Several examples exist in the syntheses of a pair of Aun(SR)m clusters using PET and TBBT, such as [Au20(SR)16]0 and [Au52(SR)32]0.30,31,53,54 However, for [Au20(SR)16]0, the geometrical structure of [Au20(PET)16]0 has not yet been clarified experimentally.55 Regarding [Au52(SR)32]0, as described above, the framework structures of [Au52(PET)32]0 and [Au52(TBBT)32]0 are different.30,31 In contrast, cluster 2 has the same framework structure as cluster 1. By using these two clusters, it is possible to elucidate the effect of the difference in the functional group between PET and TBBT on the structure, stability, and physical and chemical properties of the clusters.
Fig. 5(a) compares the Pt–Ausurf (Ausurf is Au of the metal core surface) bond lengths between clusters 1 and 2.50 As described below, in both cases, the geometrical structure is distorted owing to the Jahn–Teller effect.56 Because of the resulting strain, for cluster 1, twelve bond lengths are distributed continuously in a bond-length range of 2.76–2.80 Å. However, in cluster 2, the twelve bonds are divided into two types of bond lengths, six are approximately 2.76 Å and the remaining six are approximately 2.79 Å. Similar differences in distributions of bond lengths were observed in the bond-length distribution of the Ausurf–Ausurf (Fig. 5(b)), the Ausurf–Ssurf (Fig. 5(c); Ssurf is S bonded to Ausurf), the S–C (Fig. 5(d), Ausurf–Austaple (Fig.
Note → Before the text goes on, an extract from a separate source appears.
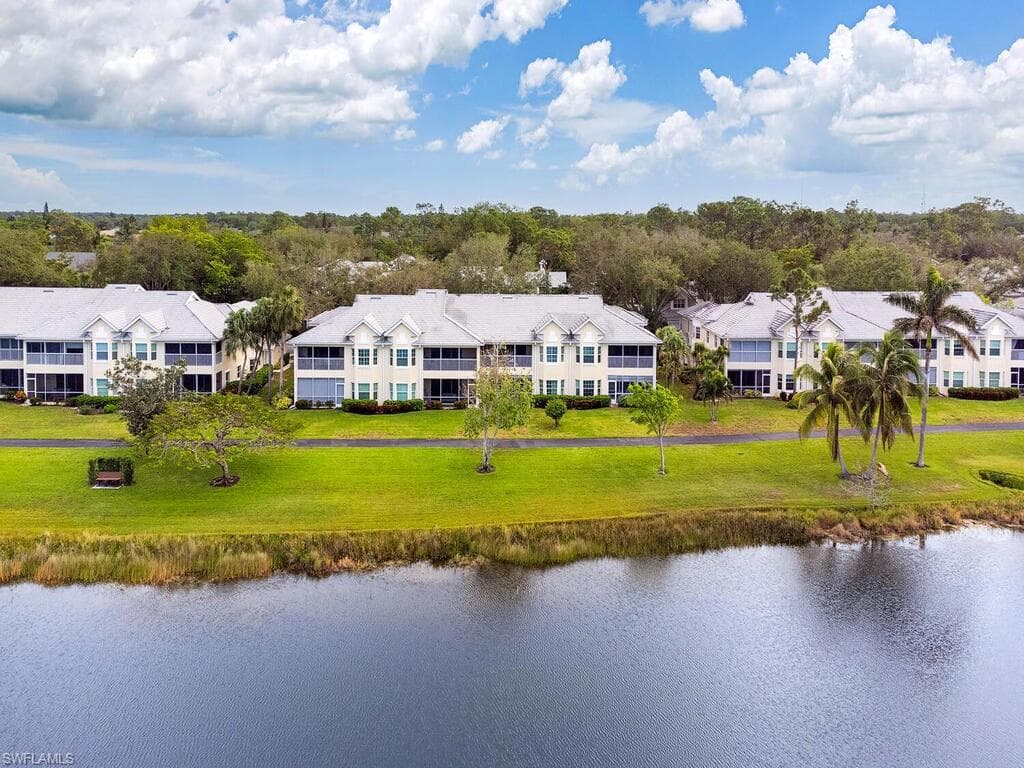 2839 Aintree Ln B202, Naples, FL 34112-5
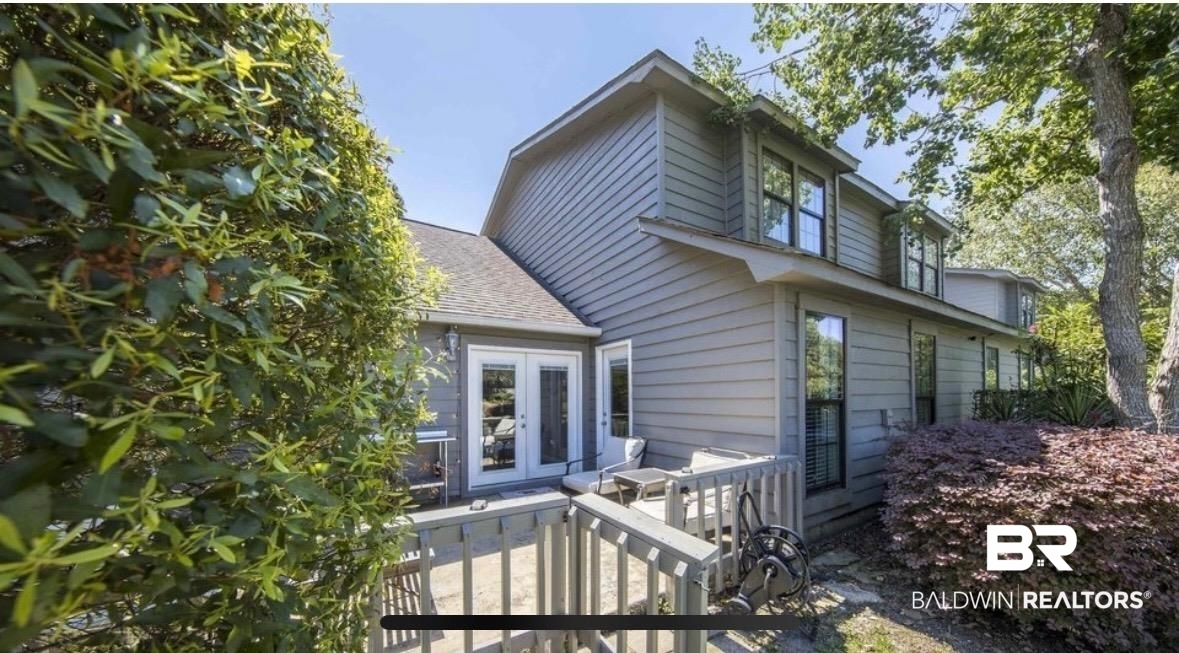 389 Clubhouse Drive U-5/HH3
S7(a) and Table S1;† Austaple is Au in staple), and Austaple–S (Fig. S7(b) and Table S1†) bonds. These results show that, although clusters 1 and 2 have broadly similar framework structures, differences exist in the distortion of their structures. According to the space-filling model, the phenyl groups are strongly gathered three by three at the cluster surface in cluster 2 (Fig. 6). It can be considered that cluster 2 has a geometrical structure with a high symmetry compared with cluster 1 because of this interaction between phenyl groups.
Fig. 5 Comparison of bond lengths between clusters 1 and 2; (a) Pt–Ausurf, (b) Ausurf–Ausurf, (c) Ausurf–Ssurf, and (d) S–C bonds. The bond lengths of cluster 1 were extracted from ref. 50. |
Fig. 6 Space-filling models obtained from SCXRD for clusters (a) 1 and (b) 2. The space-filling models of cluster 1 were reproduced from ref. 50. In (a) and (b), two patterns from different angles are shown for each cluster. Copyright 2016 Royal Society of Chemistry. |
Considering the average bond length (Table 1), the Pt–Ausurf and Ausurf–Ausurf bonds are shorter and the Ausurf–Ssurf bond is longer in cluster 2 than in cluster 1. Therefore, cluster 2 has a compact metal core and Au2(SR)3 staples away from the metal core surface compared with the cluster 1. Based on the pKa values of the aromatic ligand (pKa = ∼10 in DMSO), 4-tert-butylbenzenethiol, and the aliphatic ligand (pKa = ∼17 in DMSO), 2-phenylethanethiol,52 TBBT is assumed to possess S with a lesser electron-donating property compared with PET. Because of this difference in pKa, in cluster 2, the Au–S bond is thought to be weaker than in cluster 1 and the Au2(SR)3 staple is distant from the metal core.29
Fig. 7 Electronic structures of clusters 1 and 2; (a) orbitals predicted by DFT calculation for Au24Pt(SR)18, (b) SWV curves and (c) optical absorption spectra. The schematic in (a) is adapted from ref. 56. In (c), the vertical arrows indicate the solution open-circuit potential. Copyright 2015 American Chemical Society. |
In this study, to examine the effect of the difference in ligands on the electronic structure of [Au24Pt(SR)18]0, square-wave voltammetry (SWV) was performed for both clusters. The SWV curves of clusters 1 and 2 are shown in Fig. 7(b). The shapes of the curves of the two clusters are similar to those of [Au24Pt(C6)18]0,56 which indicates that the Jahn–Teller effect is present in clusters 1 and 2 like in [Au24Pt(C6)18]0. For both clusters, the HOMO–LUMO gap (right side in Fig. 7(b)) was estimated by subtracting the charging energy (EO1 − EO2) from the electrochemical energy gap (ER1 − EO1; here, ER1 indicates the peak potential of R1) (Table S2†).56 Both were found to have a HOMO–LUMO gap of a similar magnitude (0.30 eV for cluster 1 and 0.33 eV for cluster 2). Therefore, the difference in distortion of the framework structure has a minimal influence on the extent of degenerate resolution. Conversely, a large difference was found in EO1 − EO2, which indicates that there is a significant difference in the charging energy57 between clusters 1 and 2.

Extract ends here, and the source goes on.